## RECORDED INFORMATION
• • • • •

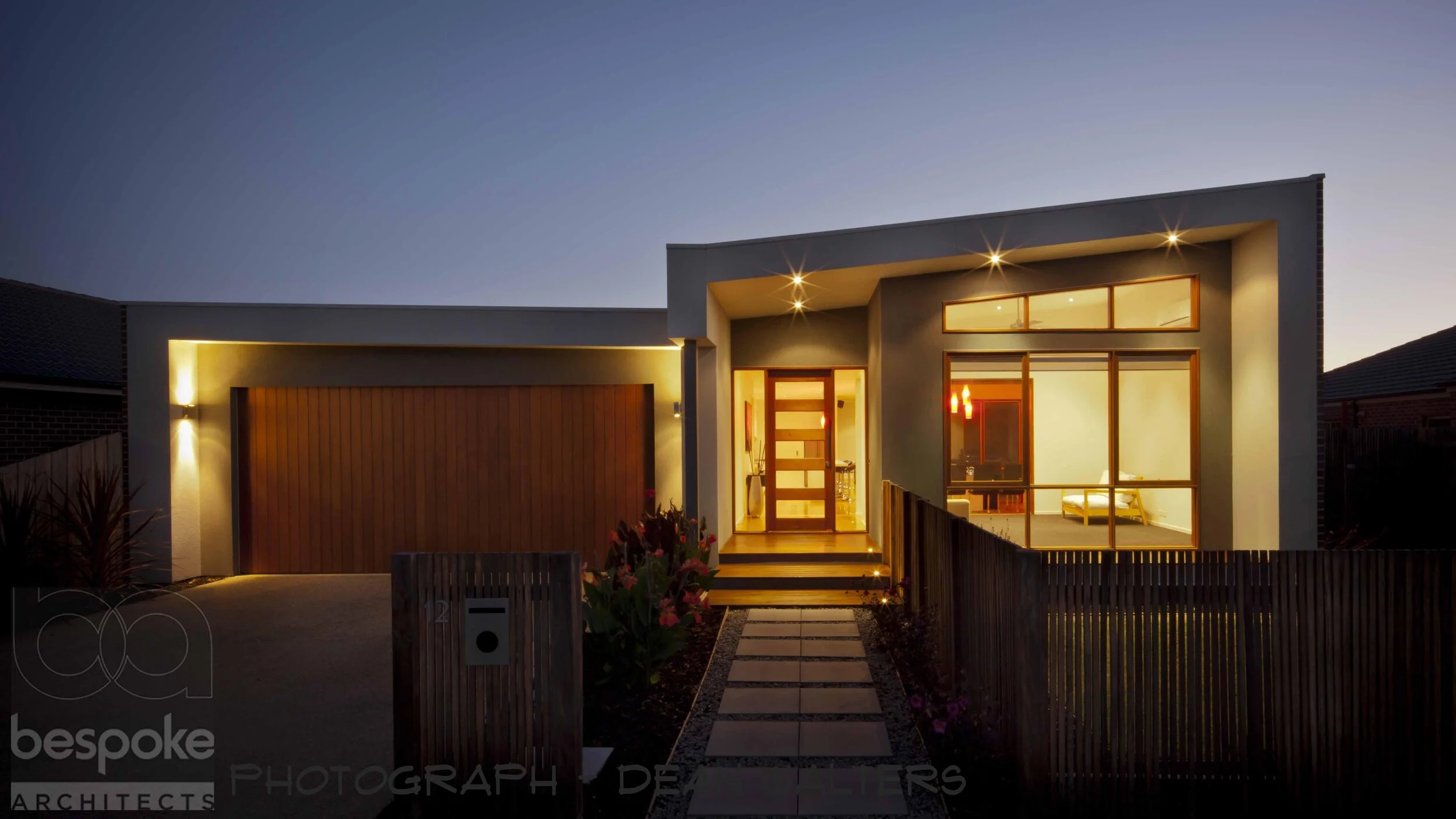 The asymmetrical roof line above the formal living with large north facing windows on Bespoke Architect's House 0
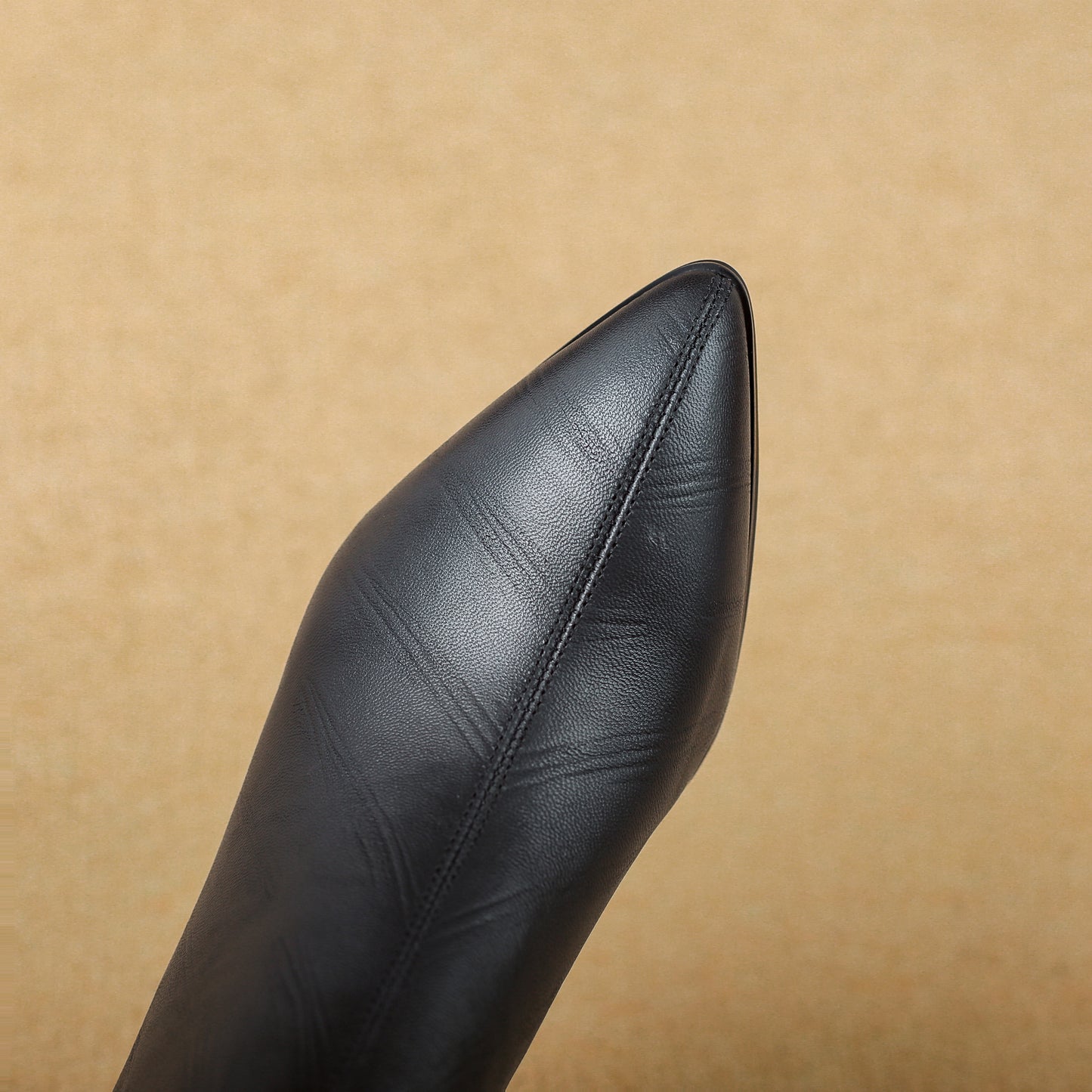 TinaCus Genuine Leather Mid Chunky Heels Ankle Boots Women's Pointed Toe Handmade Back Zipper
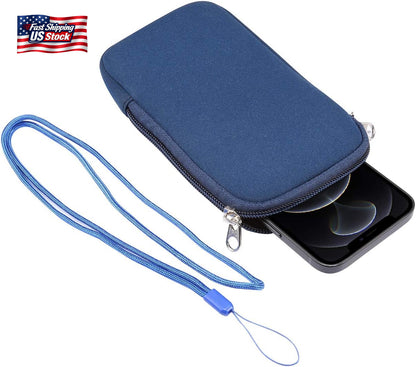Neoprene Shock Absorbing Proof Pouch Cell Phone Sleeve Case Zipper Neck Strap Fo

• • • • •

Could you return the whole listing exactly, images excluded?

 The asymmetrical roof line above the formal living with large north facing windows on Bespoke Architect's House 0
 TinaCus Genuine Leather Mid Chunky Heels Ankle Boots Women's Pointed Toe Handmade Back Zipper
Neoprene Shock Absorbing Proof Pouch Cell Phone Sleeve Case Zipper Neck Strap Fo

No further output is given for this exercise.